Once the line containing "2025 Pokemon Salamence" has been copied, stop; copy every line before it exactly, beginning with the first line of the material below.

# MATERIAL SHOWN
○ ○ ○ ○ ○ ○ ○

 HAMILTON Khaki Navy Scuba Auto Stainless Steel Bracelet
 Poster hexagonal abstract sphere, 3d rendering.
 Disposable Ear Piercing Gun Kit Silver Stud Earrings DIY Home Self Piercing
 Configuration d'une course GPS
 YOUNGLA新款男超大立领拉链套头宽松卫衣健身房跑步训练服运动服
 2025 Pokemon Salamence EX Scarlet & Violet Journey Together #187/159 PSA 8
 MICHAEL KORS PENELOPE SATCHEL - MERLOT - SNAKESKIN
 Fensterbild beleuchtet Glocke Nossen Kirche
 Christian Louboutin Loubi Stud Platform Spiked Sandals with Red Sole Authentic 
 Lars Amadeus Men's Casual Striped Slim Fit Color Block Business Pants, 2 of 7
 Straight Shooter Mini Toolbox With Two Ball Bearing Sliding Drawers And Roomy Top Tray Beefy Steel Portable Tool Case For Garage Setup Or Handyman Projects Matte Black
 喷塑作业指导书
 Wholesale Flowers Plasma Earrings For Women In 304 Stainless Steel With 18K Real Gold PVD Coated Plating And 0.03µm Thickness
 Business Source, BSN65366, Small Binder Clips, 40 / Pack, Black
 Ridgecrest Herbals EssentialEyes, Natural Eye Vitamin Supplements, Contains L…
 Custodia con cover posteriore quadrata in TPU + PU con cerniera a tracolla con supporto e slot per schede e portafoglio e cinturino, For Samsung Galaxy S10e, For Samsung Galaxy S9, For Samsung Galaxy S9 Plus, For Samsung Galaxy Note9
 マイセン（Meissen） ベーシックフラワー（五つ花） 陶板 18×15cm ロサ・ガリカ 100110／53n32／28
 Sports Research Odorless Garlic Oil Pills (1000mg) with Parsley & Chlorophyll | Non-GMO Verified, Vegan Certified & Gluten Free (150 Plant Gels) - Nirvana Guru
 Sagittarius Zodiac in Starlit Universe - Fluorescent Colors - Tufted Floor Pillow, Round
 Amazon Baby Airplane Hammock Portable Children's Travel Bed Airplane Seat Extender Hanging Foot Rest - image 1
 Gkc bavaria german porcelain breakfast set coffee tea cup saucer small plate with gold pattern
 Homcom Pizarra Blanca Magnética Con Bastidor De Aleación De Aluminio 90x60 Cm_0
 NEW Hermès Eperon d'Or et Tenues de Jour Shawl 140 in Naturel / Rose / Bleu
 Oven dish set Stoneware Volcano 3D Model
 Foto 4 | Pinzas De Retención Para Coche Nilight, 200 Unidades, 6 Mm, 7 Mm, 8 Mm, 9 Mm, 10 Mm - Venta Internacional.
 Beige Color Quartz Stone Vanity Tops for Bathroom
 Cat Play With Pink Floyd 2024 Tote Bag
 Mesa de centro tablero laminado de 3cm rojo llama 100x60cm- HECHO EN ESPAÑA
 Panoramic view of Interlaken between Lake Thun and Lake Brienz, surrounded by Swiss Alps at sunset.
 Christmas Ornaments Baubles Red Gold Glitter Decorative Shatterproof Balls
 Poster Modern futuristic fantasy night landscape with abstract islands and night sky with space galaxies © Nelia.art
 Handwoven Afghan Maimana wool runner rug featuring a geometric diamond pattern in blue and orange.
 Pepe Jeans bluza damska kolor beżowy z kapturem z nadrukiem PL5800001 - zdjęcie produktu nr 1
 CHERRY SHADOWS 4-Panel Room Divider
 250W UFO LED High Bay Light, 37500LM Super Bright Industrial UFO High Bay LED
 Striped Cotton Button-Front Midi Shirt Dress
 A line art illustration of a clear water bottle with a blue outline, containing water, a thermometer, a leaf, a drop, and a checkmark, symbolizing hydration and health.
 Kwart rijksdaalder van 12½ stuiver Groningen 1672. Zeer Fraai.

○ ○ ○ ○ ○ ○ ○

# SOLUTION
 HAMILTON Khaki Navy Scuba Auto Stainless Steel Bracelet
 Poster hexagonal abstract sphere, 3d rendering.
 Disposable Ear Piercing Gun Kit Silver Stud Earrings DIY Home Self Piercing
 Configuration d'une course GPS
 YOUNGLA新款男超大立领拉链套头宽松卫衣健身房跑步训练服运动服
 2025 Pokemon Salamence EX Scarlet & Violet Journey Together #187/159 PSA 8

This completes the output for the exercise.